### Information provided
====
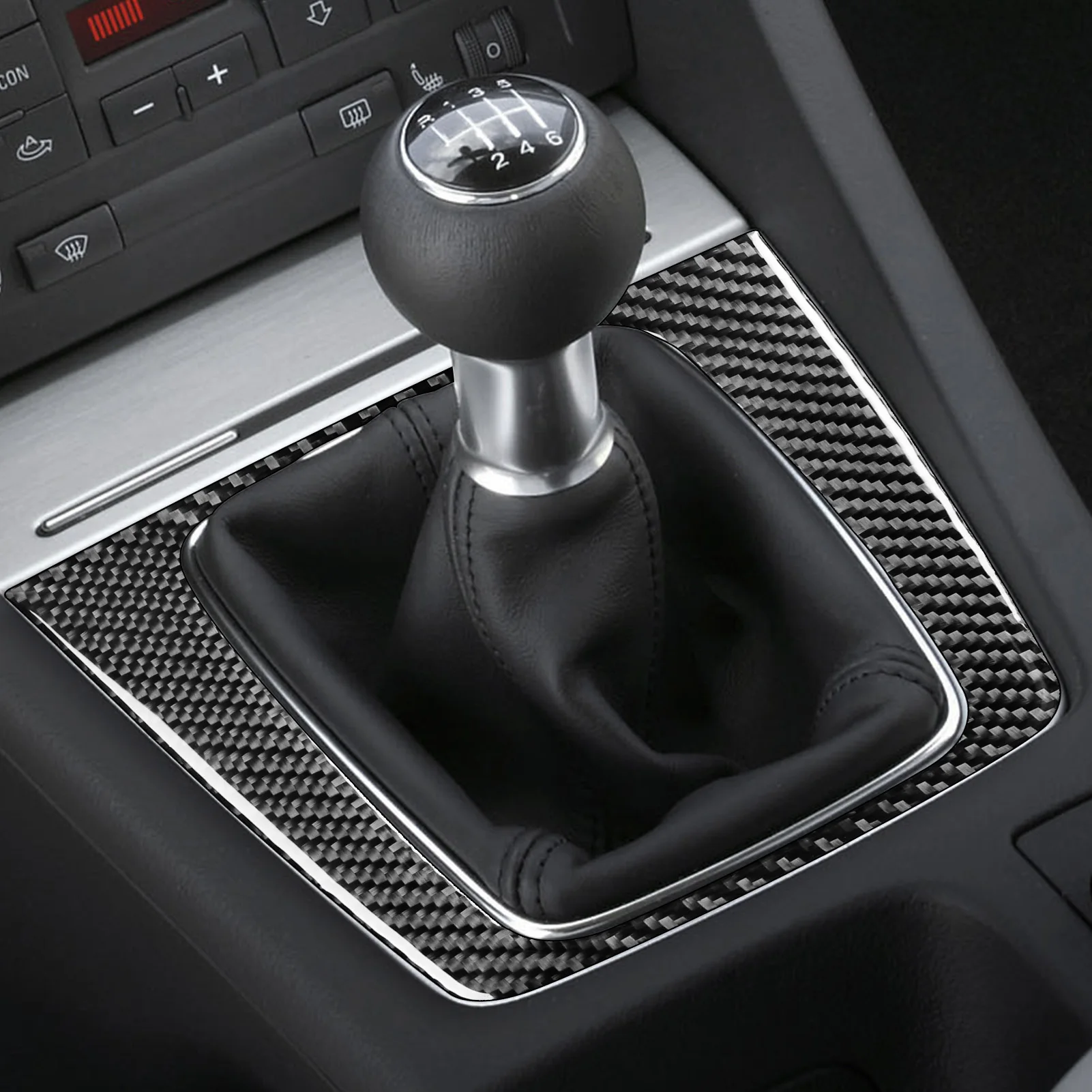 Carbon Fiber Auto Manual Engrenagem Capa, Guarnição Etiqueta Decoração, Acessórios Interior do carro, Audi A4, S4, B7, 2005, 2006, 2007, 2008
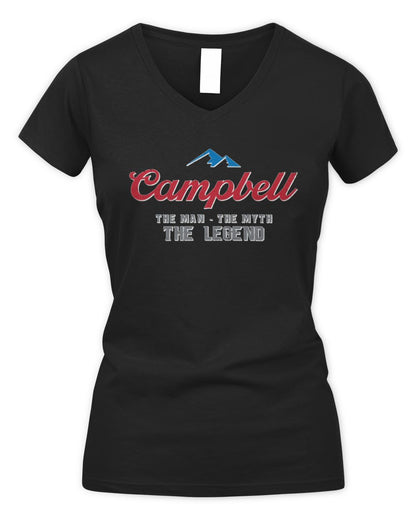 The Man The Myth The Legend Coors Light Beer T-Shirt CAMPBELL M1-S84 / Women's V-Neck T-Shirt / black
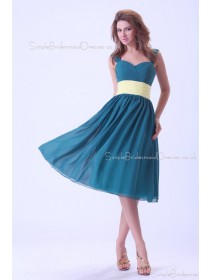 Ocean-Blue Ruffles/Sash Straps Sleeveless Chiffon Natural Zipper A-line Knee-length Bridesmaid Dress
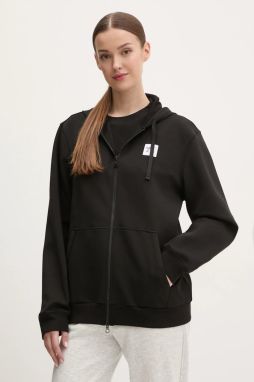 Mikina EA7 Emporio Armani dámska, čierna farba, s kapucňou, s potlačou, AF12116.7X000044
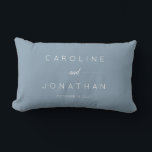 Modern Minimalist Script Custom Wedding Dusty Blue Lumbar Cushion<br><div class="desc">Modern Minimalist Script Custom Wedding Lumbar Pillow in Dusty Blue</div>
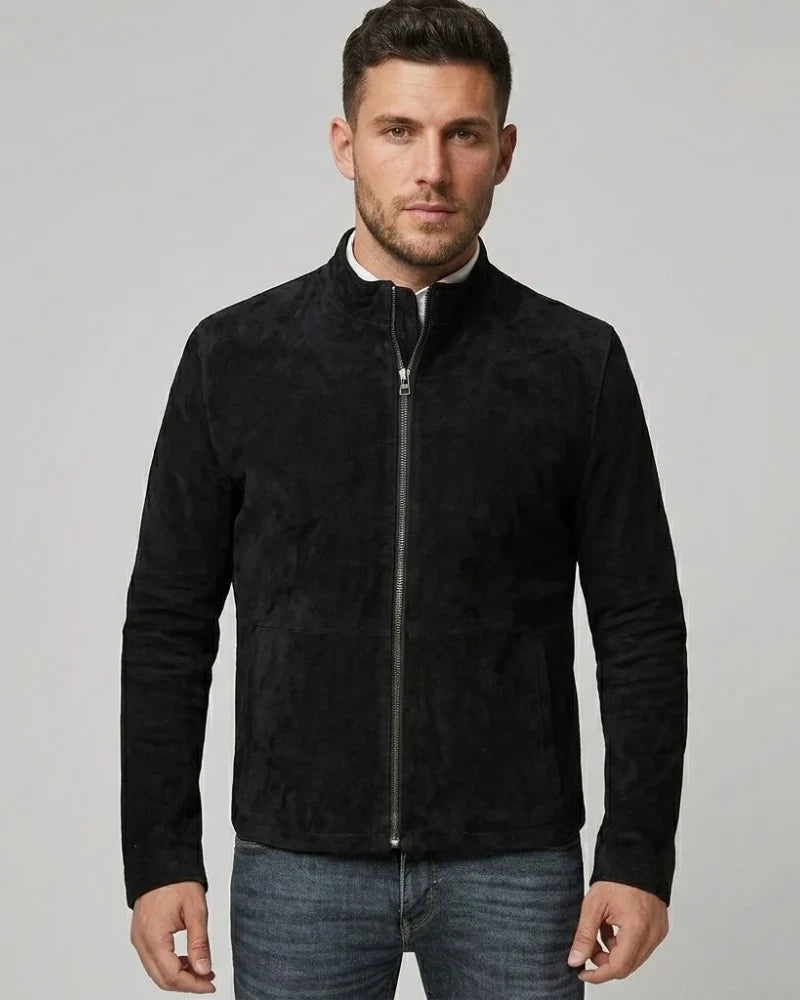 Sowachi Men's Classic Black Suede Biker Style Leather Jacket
====
### Description of the task
Lines from the one above containing "Mikina EA7 Emporio" down to the one containing "Modern Minimalist Script Custom Wedding Dusty" should be transcribed exactly, with both ends kept and no pictures.

### Solution to this exercise
 Mikina EA7 Emporio Armani dámska, čierna farba, s kapucňou, s potlačou, AF12116.7X000044
 Modern Minimalist Script Custom Wedding Dusty Blue Lumbar Cushion<br><div class="desc">Modern Minimalist Script Custom Wedding Lumbar Pillow in Dusty Blue</div>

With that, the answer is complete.